NOUAKCHOTT - A suspected French jihadist has been arrested on the border between Mauritania and an area of northern Mali occupied by Islamic extremists, a police source said on Friday.
The suspect, who is in his 40s and entered Mauritania via Morocco, was detained on Tuesday at Nema, a Mauritanian town near the Malian border, the source said on condition of anonymity.
"The simple fact that a light-skinned Frenchman wants to go to Azawad (northern Mali) at this time is sufficiently suspicious to security forces," he said.
After the suspect's arrest, he was transferred to Nouakchott for interrogation on his "real intentions, the goal of his voyage and his alleged links with jihadists" of Al-Qaeda in the Islamic Maghreb (AQIM), the source added.
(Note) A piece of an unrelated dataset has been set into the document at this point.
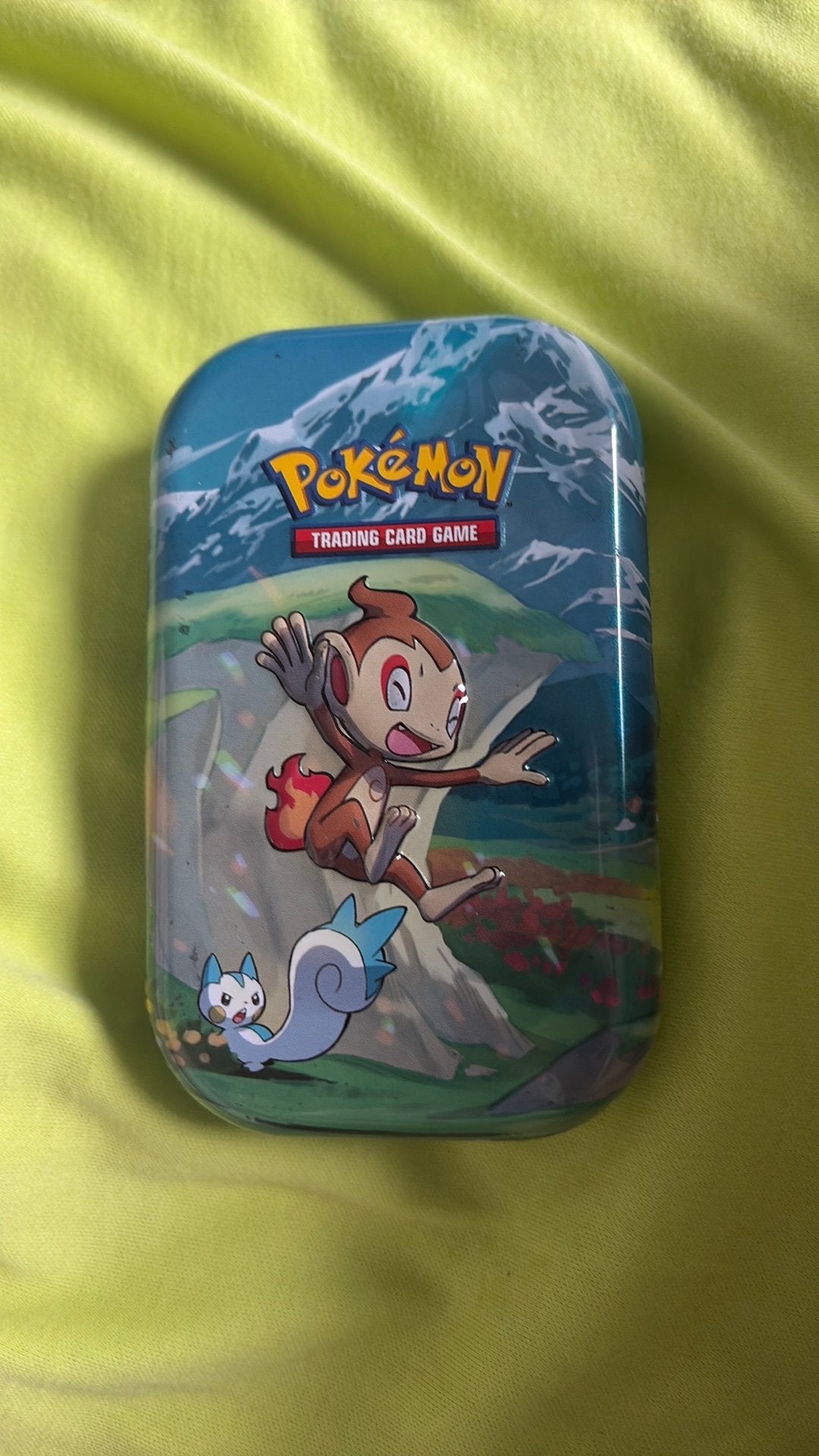 Pokemon kaarten plus doos plus munt, Ophalen, Gebruikt, Meerdere kaarten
Azawad is the name given by Tuareg nomads to northern Mali.
The region was taken over by Tuareg separatists and Islamic extremists following a coup in Bamako that overthrew Mali's elected government in March.
The Islamists later wrested control from the separatists and now control the vast arid zone, where they have imposed a brutal form of sharia, or Islamic law, whipping smokers and drinkers, stoning unmarried couples and amputating the hands of thieves.
The police source said that even if the Frenchman "was a normal man, without ties to the terrorists, it was our duty to prevent him from carrying out his plan" to go to Timbuktu, one of the occupied cities.
French foreign ministry spokesman Philippe Lalliot confirmed the arrest during a press conference.
"We are in contact with Mauritanian authorities who arrested him," he said.
Regional security sources said in early November that dozens of young Europeans and Africans living in Europe had attempted to join the ranks of the Islamists in northern Mali.
On November 3, French-Malian citizen Ibrahim Aziz Ouattara, 24, was arrested in Sevare in central Mali on his way to join the Islamists. Parisian prosecutors have opened an investigation into his arrest.
Witnesses have also seen scores of jihadists from Sudan and Western Sahara arriving in the zone.
Western powers, fearful the region could become a haven for terrorists, are backing an international African armed force which is preparing to drive out the Islamists.